Tom saw the same inner spirit in a troubled jockey and in 1936, on a beautiful fall day at the track in Saratoga, the Howards were introduced by their trainer to a young jockey named "Red" Pollard.

In the hands of Howard, his trainer and his new jockey, the indomitable spirit sensed in Seabiscuit that first morning took hold of the horse. He transformed from the unruly, ungraceful animal to a head-turning record breaker. With an instinctual faith in Smith, Pollard and Seabiscuit, Charles Howard, a consummate showman, challenged the (current) Triple Crown winner, a powerful, stunning black horse named War Admiral, to a match race. The resulting race became much more than a competition between two champion animals and their riders - it grew into a contest between two worlds: the East Coast establishment of bankers and their beautiful horses versus a nation of downtrodden but spirited have-nots who championed a ragtag team of three displaced men and their unlikely challenger.

Seabiscuit won the match race and went on to be named 1938 Horse of the Year. The victory, however, was bittersweet. Just before that race, Pollard had been seriously injured in an accident on another horse. When told Red would possibly never walk again, Howard was ready to cancel the race. But Pollard insisted that it go on and that his friend and fellow jockey, George "The Iceman" Woolf, ride Seabiscuit, which he did - to victory.

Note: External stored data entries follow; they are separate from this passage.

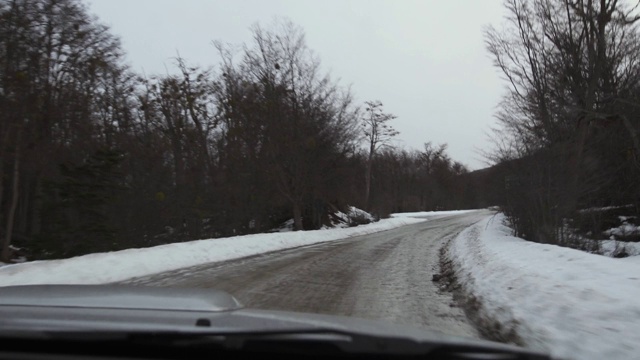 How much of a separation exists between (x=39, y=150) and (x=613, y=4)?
84.6 ft

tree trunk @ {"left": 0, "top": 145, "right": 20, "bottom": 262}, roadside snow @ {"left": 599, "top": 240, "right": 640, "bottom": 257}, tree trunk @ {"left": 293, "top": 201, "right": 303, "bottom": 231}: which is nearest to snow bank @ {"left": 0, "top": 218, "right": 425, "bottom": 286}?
tree trunk @ {"left": 0, "top": 145, "right": 20, "bottom": 262}

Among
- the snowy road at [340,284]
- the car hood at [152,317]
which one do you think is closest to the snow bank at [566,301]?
the snowy road at [340,284]

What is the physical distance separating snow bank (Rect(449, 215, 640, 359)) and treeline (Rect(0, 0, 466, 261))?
45.6 ft

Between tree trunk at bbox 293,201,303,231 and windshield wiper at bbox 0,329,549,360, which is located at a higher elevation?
tree trunk at bbox 293,201,303,231

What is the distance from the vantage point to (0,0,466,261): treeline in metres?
18.2

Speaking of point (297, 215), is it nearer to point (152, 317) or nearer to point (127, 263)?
point (127, 263)

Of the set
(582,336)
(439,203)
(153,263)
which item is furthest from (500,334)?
(439,203)

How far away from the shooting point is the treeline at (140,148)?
18203 mm

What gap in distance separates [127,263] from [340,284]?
520cm

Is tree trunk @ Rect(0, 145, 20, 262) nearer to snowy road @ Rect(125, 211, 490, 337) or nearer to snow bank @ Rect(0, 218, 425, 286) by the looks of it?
snow bank @ Rect(0, 218, 425, 286)

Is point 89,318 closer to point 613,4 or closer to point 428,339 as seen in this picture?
point 428,339

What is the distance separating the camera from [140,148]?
2370 centimetres

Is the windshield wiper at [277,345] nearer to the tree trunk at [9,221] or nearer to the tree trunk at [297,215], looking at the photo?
the tree trunk at [9,221]

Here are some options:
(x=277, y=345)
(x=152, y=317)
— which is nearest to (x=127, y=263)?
(x=152, y=317) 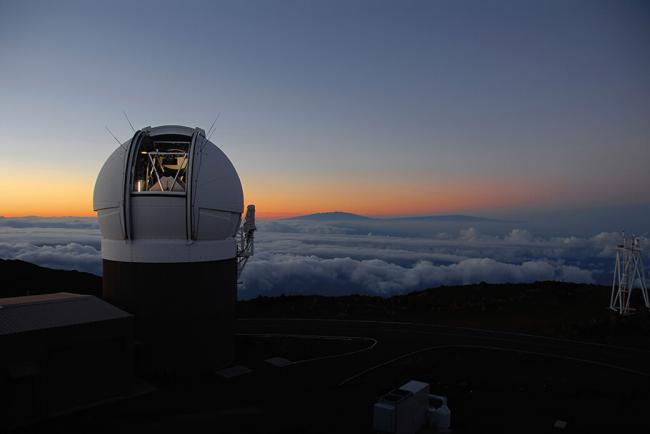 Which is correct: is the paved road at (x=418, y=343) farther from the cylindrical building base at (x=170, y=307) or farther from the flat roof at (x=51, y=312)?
the flat roof at (x=51, y=312)

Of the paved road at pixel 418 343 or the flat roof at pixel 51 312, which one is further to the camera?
the paved road at pixel 418 343

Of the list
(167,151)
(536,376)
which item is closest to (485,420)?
(536,376)

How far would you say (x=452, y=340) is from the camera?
28.7m

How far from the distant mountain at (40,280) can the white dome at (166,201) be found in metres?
41.7

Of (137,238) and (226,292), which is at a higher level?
(137,238)

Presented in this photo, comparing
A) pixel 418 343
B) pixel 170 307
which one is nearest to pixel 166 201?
pixel 170 307

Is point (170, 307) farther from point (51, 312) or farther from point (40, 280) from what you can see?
point (40, 280)

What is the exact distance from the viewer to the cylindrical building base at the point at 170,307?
19562 mm

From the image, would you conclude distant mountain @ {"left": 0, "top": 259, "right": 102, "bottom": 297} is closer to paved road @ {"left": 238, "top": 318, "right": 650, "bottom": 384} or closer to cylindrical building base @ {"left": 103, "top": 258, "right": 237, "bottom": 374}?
paved road @ {"left": 238, "top": 318, "right": 650, "bottom": 384}

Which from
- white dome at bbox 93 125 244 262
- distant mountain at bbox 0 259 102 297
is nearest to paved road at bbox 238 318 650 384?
white dome at bbox 93 125 244 262

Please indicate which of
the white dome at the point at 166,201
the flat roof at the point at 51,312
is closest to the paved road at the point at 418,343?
the white dome at the point at 166,201

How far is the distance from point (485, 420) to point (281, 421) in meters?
7.13

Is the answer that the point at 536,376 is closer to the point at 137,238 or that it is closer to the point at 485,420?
the point at 485,420

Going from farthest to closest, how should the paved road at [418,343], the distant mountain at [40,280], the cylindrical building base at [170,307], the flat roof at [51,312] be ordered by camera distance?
the distant mountain at [40,280]
the paved road at [418,343]
the cylindrical building base at [170,307]
the flat roof at [51,312] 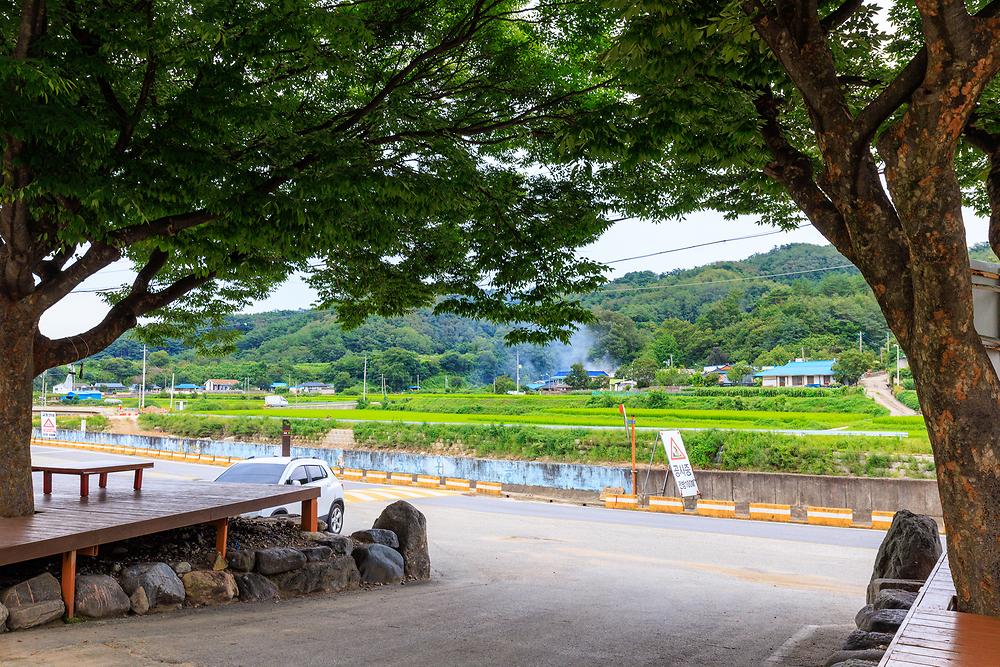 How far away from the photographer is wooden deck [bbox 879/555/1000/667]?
4.07 m

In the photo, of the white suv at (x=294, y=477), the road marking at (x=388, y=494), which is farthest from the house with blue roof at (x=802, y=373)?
the white suv at (x=294, y=477)

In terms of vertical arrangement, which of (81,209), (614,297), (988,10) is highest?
(614,297)

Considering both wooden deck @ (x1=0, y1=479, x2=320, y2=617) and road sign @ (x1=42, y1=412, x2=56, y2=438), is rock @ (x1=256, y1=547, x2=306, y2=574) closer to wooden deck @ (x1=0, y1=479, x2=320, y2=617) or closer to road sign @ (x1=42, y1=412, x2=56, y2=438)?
wooden deck @ (x1=0, y1=479, x2=320, y2=617)

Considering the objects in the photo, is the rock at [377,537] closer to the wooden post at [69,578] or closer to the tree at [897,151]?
the wooden post at [69,578]

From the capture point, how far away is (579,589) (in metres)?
11.7

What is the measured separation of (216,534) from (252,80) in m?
5.92

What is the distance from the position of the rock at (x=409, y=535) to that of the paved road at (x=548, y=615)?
38 centimetres

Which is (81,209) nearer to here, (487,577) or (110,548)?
(110,548)

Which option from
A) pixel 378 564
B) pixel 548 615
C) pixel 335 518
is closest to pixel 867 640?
pixel 548 615

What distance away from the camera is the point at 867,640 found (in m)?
6.44

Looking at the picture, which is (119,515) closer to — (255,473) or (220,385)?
(255,473)

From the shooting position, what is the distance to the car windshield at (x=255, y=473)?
14805 millimetres

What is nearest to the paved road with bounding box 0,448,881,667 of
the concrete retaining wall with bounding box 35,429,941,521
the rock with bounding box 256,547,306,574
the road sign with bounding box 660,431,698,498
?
the rock with bounding box 256,547,306,574

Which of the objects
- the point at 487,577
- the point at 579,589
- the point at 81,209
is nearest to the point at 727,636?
the point at 579,589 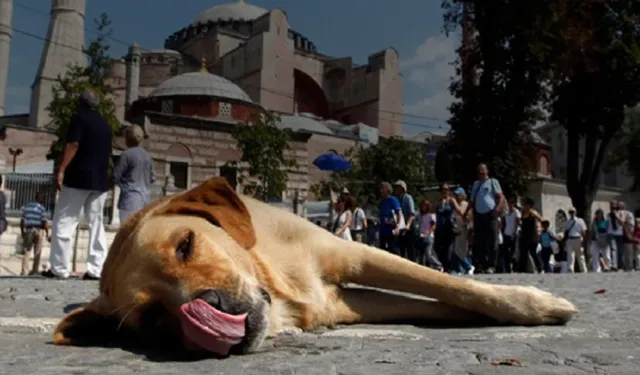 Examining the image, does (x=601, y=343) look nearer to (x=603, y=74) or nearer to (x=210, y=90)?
(x=603, y=74)

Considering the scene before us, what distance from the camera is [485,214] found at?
11992 mm

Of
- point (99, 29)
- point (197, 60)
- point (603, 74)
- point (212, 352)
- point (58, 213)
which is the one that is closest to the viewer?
point (212, 352)

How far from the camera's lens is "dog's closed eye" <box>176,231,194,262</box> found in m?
2.91

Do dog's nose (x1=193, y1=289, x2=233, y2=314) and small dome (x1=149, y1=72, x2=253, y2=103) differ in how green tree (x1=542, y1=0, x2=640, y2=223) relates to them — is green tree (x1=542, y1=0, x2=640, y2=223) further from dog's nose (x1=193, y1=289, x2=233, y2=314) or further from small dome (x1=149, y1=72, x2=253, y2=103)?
small dome (x1=149, y1=72, x2=253, y2=103)

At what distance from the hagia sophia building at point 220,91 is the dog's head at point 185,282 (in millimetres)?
36171

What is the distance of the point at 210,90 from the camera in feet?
149

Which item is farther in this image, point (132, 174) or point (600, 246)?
point (600, 246)

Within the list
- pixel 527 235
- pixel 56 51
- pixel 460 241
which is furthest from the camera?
pixel 56 51

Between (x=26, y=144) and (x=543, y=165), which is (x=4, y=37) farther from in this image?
(x=543, y=165)

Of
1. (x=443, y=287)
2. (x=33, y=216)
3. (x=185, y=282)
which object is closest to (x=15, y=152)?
(x=33, y=216)

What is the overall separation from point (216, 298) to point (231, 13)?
226 ft

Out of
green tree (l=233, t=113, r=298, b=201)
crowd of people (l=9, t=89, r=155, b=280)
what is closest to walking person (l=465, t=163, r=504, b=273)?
crowd of people (l=9, t=89, r=155, b=280)

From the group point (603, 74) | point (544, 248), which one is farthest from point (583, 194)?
point (544, 248)

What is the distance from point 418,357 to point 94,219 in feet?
22.2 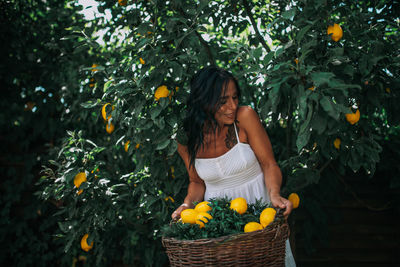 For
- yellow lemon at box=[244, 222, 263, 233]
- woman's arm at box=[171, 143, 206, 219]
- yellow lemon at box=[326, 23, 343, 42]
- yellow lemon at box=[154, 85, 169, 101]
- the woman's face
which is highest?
yellow lemon at box=[326, 23, 343, 42]

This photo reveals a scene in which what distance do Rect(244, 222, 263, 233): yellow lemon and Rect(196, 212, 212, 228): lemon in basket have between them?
144 millimetres

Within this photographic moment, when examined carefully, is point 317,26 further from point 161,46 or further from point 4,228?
point 4,228

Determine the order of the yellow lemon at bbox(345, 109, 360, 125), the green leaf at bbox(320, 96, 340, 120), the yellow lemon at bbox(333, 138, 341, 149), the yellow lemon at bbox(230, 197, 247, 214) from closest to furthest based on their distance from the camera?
the green leaf at bbox(320, 96, 340, 120)
the yellow lemon at bbox(230, 197, 247, 214)
the yellow lemon at bbox(345, 109, 360, 125)
the yellow lemon at bbox(333, 138, 341, 149)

Months later, Seabiscuit was injured in a race. Howard brought both Red and Seabiscuit to his sprawling ranch in Northern California so the two friends could convalesce together. Red spent his days reading and taking the horse on walks under the California Oaks. Slowly, the impossible started to happen; walks turned into canters and canters into gallops and soon Seabiscuit and Red were racing through the grass-covered hills of Howard's home.

In 1940, F.D.R. was re-elected for an unprecedented third term. On a chalkboard at the Santa Anita Handicap, a man wrote "Seabiscuit" under the list of race entries and the crowd roared. The people's hero had returned, beating all the odds, to race once again - this time with an equally miraculous Red Pollard holding the reins. Together, horse and jockey crossed the finish line first, with retirement for both waiting on the other side.

From a book by Laura Hillenbrand entitled Seabiscuit, An American Legend.